How five students from Texas A&M University used LiDAR from SICK to create a design that can be used to mitigate wildfires

According to the National Interagency Coordination Center, 10.3 million acres of land in the United States were lost due to wildfires in 2020, which is the second most acreage impacted since the year 1960. Once large fires begin to burn out of control it becomes increasingly difficult to extinguish them, and preventative measures are necessary to put these natural disasters to rest.

Students from Texas A&M University developed a drone to identify areas that are at high risk for wildfires for SICK’s annual TiM$10K Challenge.

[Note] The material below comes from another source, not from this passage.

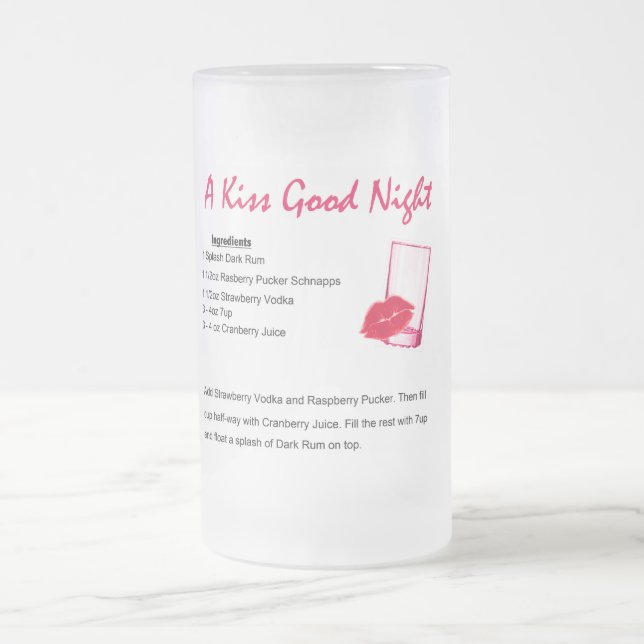 A Kiss Good Night Frosted Glass Beer Mug (Center)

Michael Barrera, Geoffrey Floyd, Charles Spevak, Cara Stolz, and Steven Bravo created a design that uses LiDAR technology to mitigate the risk by removing the high-density ladder fire fuel sources before a fire can even begin.

“We tried to base our project off current events. At the time we started our project, there were a lot of major wildfires going on around the world,” Stolz said.

The inspiration to tackle the wildfire issue in the United States also came from a convenient resource the team had.

“One of our team members is a volunteer firefighter so we wanted to go with something where we felt like we had someone who could tap into that network of people to get us information,” Stolz said.

The complete system is composed of the TiM LiDAR781 sensor, a voltage converter, an SD card, a Raspberry Pi 4, Arduino Uno, an RGB sensor, a bracket, an IMU, and a DJI Mavic Pro drone. Each piece of technology works together to provide wildland firefighters with point cloud data that maps areas of high-density ladder fuels, also known as undergrowth. Understanding distance between vegetation in an area is important because vegetation is a factor that helps you predict if a specific area is at risk for a wildfire.

In the beginning of the project the team was resourceful when facing certain challenges like being unfamiliar with how to use and apply a LiDAR sensor, or being unfamiliar with the electrical hardware aspect of the project.

“We had to do a lot of research and gain some background on the sensor. Luckily, we could call SICK with questions and get recommendations on certain hardware to use, like Raspberry Pi,” Stolz said.

The students created a working interface to receive data from the sensors using Raspberry Pi 4 as their computer interface. The interface was designed to be able to gather data for the duration of the drone’s flight. By downloading Windows 10 onto the Raspberry Pi it allowed the team to integrate three sensor data outputs from the LiDAR sensor, the RGB sensor and an IMU onto a single 3D point cloud.

Restrictions prevented the team from flying the drone and collecting data in the air, but they were able to adjust and obtain a 10 second recording of ground level data to show proof of their design.

Wildland firefighters and wildfire service organizations can invest in this solution to efficiently manage wildfires in a cost-effective manner. Ultimately, the application of SICK’s technology in this team’s unique solution can reduce the risk of a prevalent natural disaster that impacts the environment and humans.